Die Wahl war eine schwere Schlappe für den linken Präsidenten Gabriel Boric. Die von ihm und seiner Regierung unterstützte Liste Unidad Para Chile kann 17 Vertreter in das Gremium entsenden (27,4 Prozent der Stimmen). Insgesamt hatten sich 350 Kandidatinnen und Kandidaten auf 5 Listen um die Sitze in der Versammlung beworben.

Neuer Anlauf – Ausgang ungewiss

Eine Expertenkommission arbeitet bereits seit März an einem Entwurf für ein neues Grundgesetz, ab Juni soll dann der Verfassungsrat über den Text beraten. Es ist bereits der zweite Versuch, dem südamerikanischen Land eine neue Verfassung zu geben. Die aktuelle Verfassung aus den 1980er Jahren stammt noch aus der Zeit der Militärdiktatur unter General Augusto Pinochet. Die Aufgaben des Staates sind darin auf ein Minimum reduziert, das Bildungs-, Gesundheits- und Rentensystem weitgehend privatisiert.

Chiles Präsident Gabriel Boric

Schon zum zweiten Mal musste das Regierungslager um Präsident Gabirel Boric im Ringen um eine neue Verfassung eine herbe Niederlage einstecken

Die Abschaffung der alten Verfassung war eine zentrale Forderung der großen Sozialproteste von 2019. Daraufhin arbeitete eine verfassungsgebende Versammlung von 2021 bis 2022 ein neues Grundgesetz aus. Bei einem Referendum im vergangenen Jahr lehnten die Chilenen die neue Verfassung allerdings mit großer Mehrheit ab. Die neue Verfassung hätte ein Recht auf Wohnraum, Bildung und Gesundheit garantiert, eine Frauenquote von 50 Prozent in allen Staatsorganen festgeschrieben und den indigenen Gemeinschaften ein Selbstbestimmungsrecht eingeräumt. Das ging Beobachtern zufolge vielen Menschen in dem konservativen Land zu weit.

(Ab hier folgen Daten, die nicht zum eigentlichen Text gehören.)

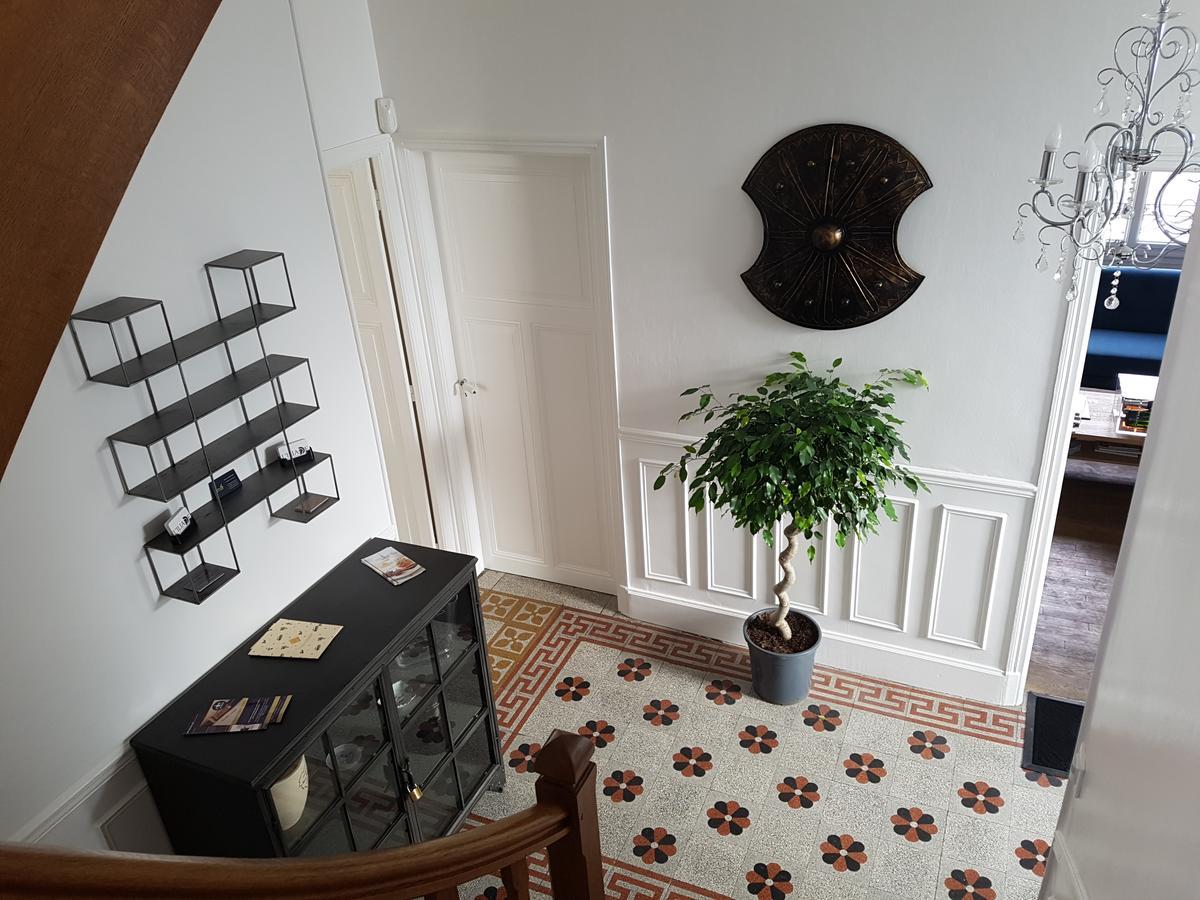 L'Iliade - Chambres d'hôtes - B&B à Bouzy Extérieur photo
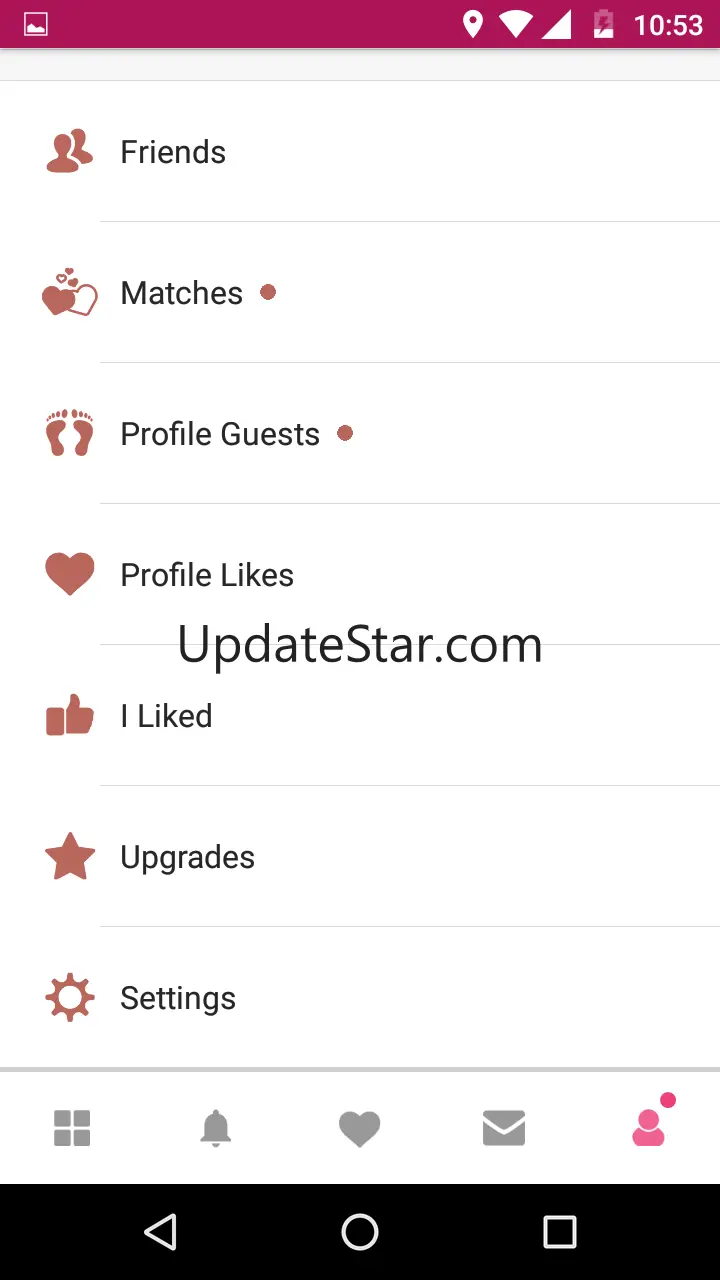 Girls Sexy Chat - Dating App 3.1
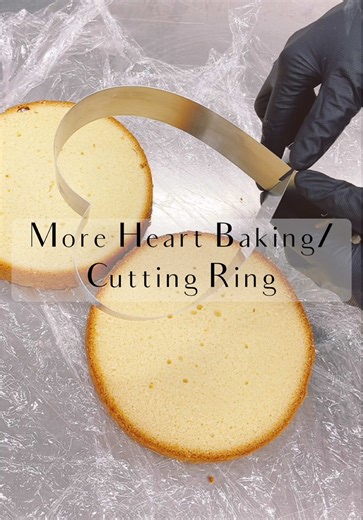 Easiest Way to Bake a Heart-Shaped Cake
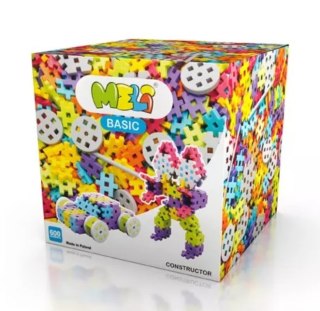 BASIC CONSTRUCTOR 600 SZTUK MELI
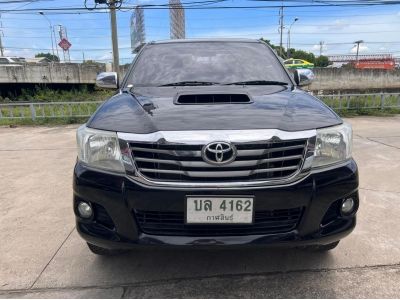 2015 TOYOTA VIGO 2.5 MT รูปที่ 2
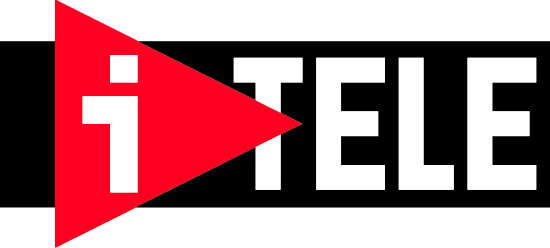 Le logo d'iTélé de 2002 à 2008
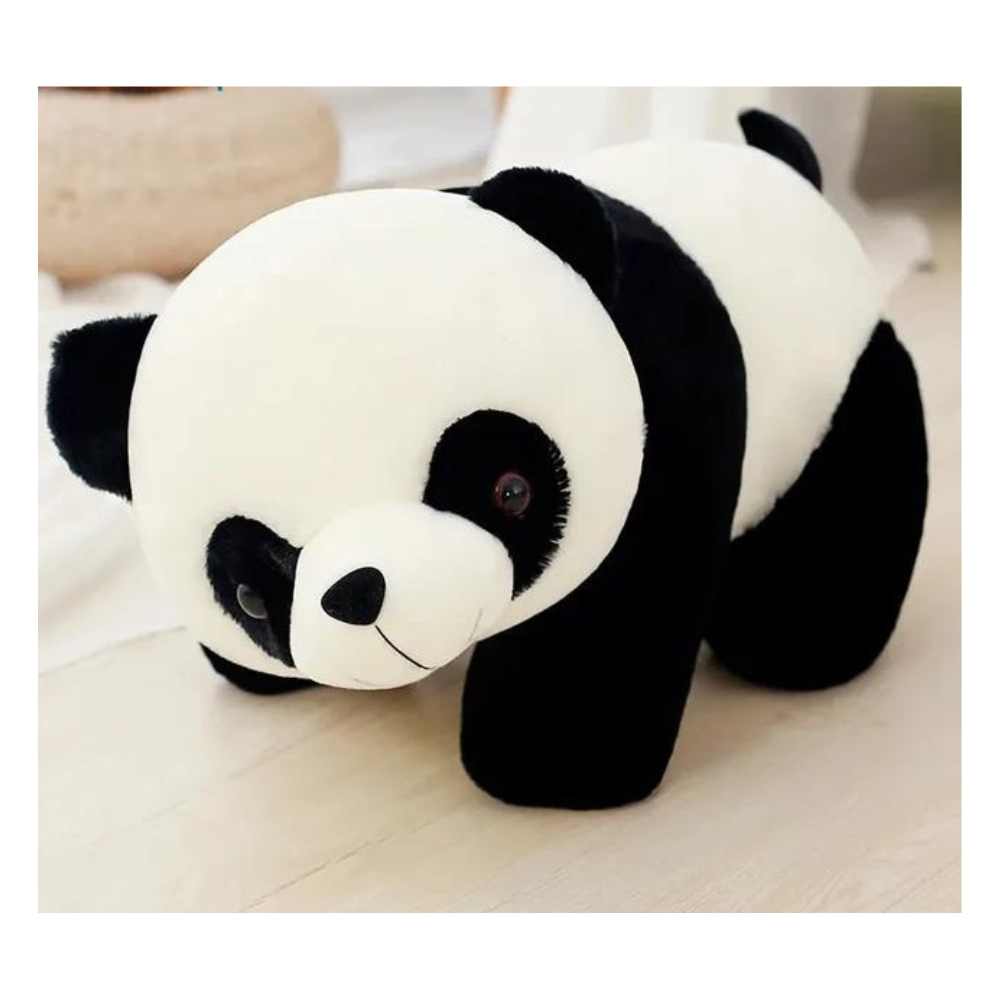 Juguete De Peluche Panda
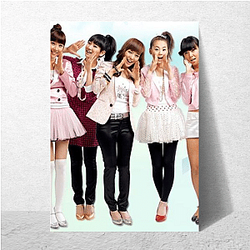 Wonder Girls A True Masterpiece Wonder Girls Posters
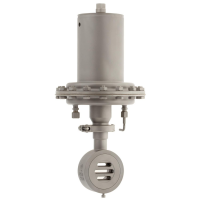 德國Schubert&Salzer壓力閥 8011 DN65適用于腐蝕性介質精密控制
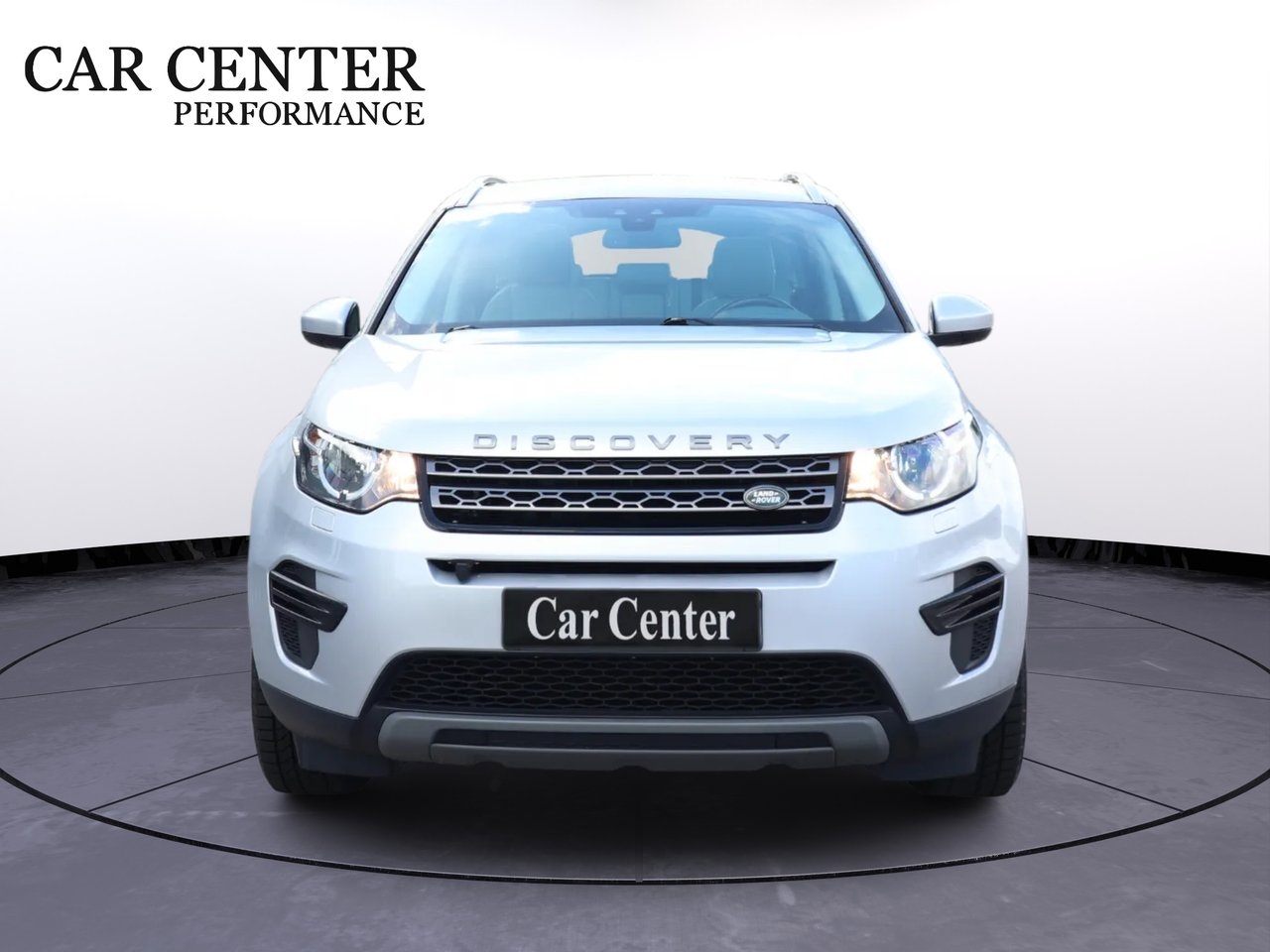 Land Rover Discovery Sport 2.0 TD4 AWD 2016, photo 4/10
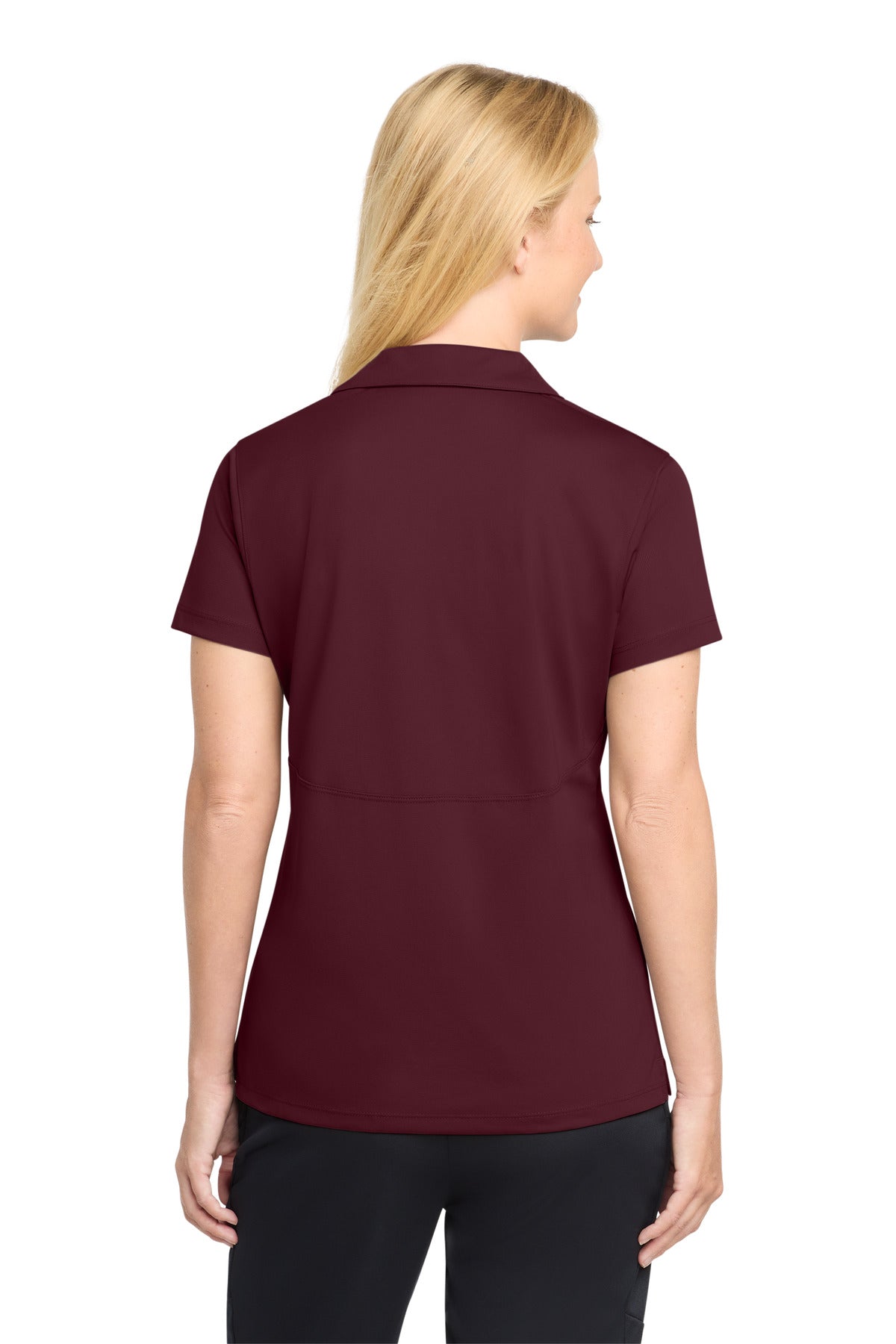 Sport-Tek Women's Micropique Sport-Wick Polo. LST650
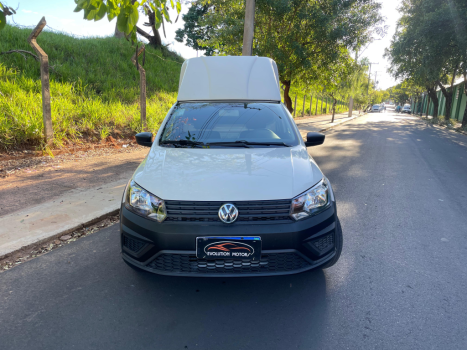 VOLKSWAGEN Saveiro 1.6 G7 CABINE SIMPLES ROBUST FLEX, Foto 2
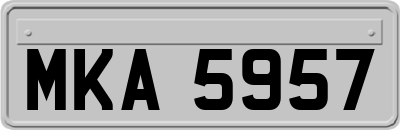 MKA5957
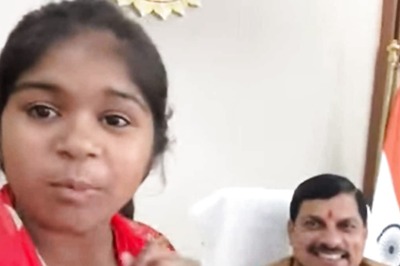 'Darr Lag Raha Hai': MP CM Surprised by 12-Year-Old Blogger's Visit to His Residence | WATCH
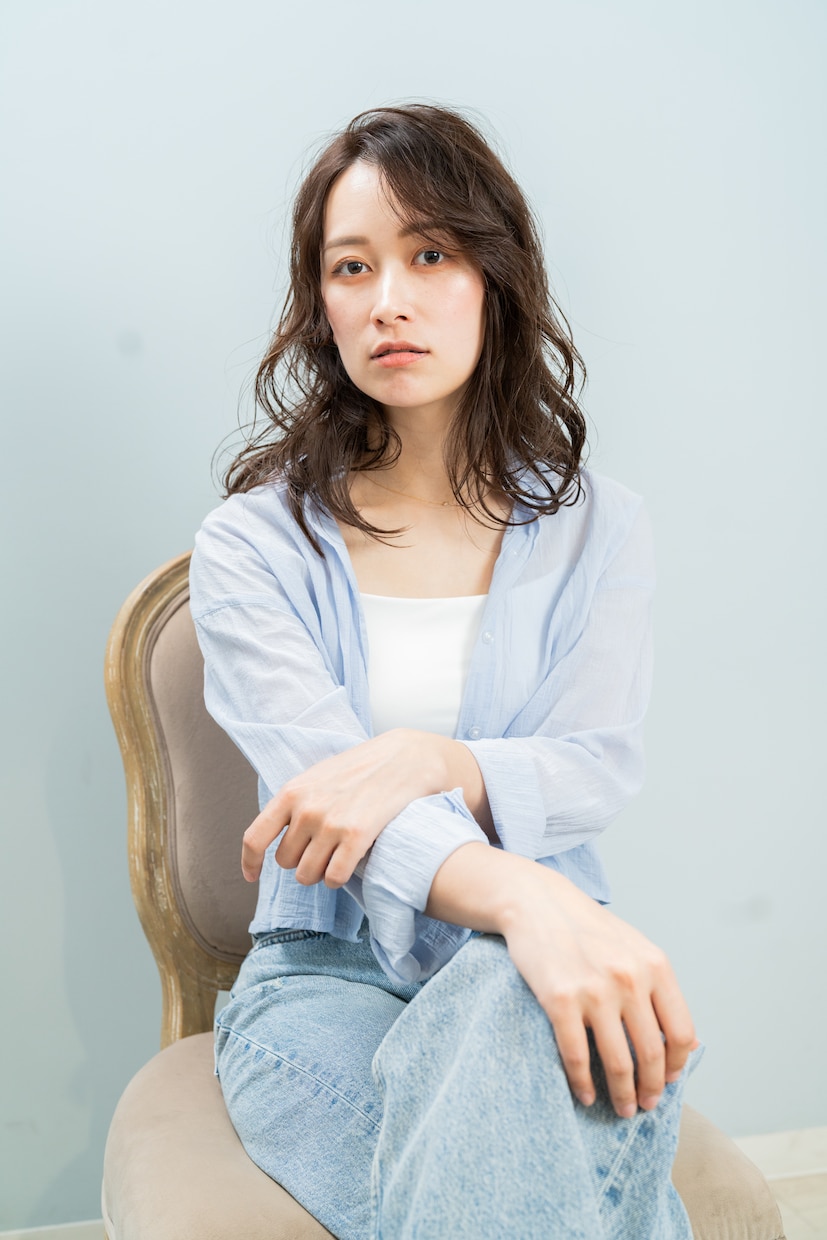 美容室◎HP・クーポン用ヘアスタイルなど撮影します ストロボ2灯使用のヘアスタイル撮影。内観撮影のオプション◎ イメージ5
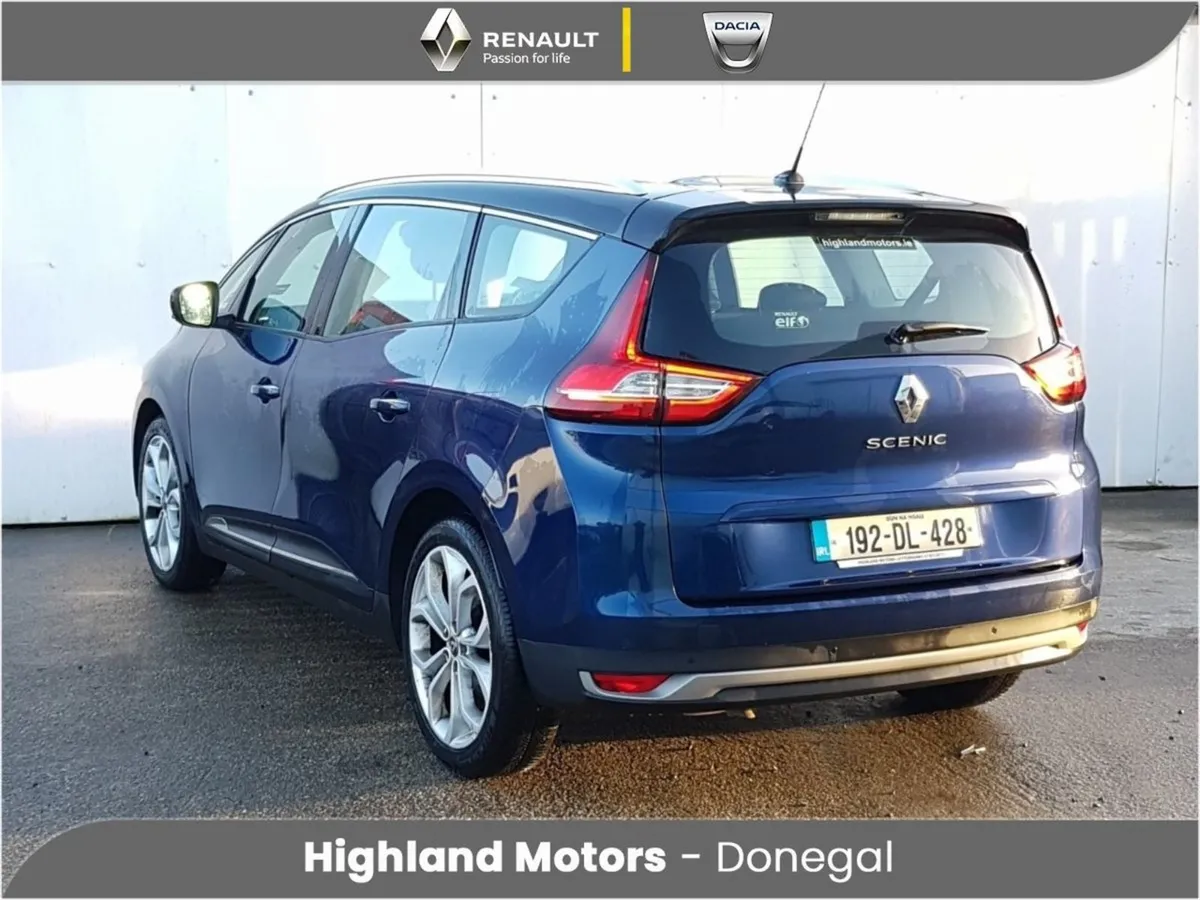 Renault Grand Scenic 1.3 TCe 140 GPF Iconic Finan - Image 3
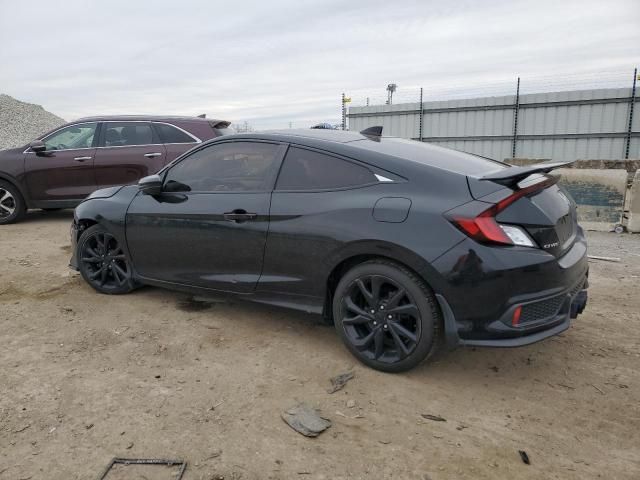 2018 Honda Civic SI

Vertreter der politischen Rechten hatten sich kaum an der Ausarbeitung der neuen Verfassung beteiligt und beim Referendum dann für eine Ablehnung des Vorschlags geworben. Nachdem sie nun die Mehrheit im Verfassungsrat gewonnen haben, müssen sie sich aber mit dem Thema beschäftigen.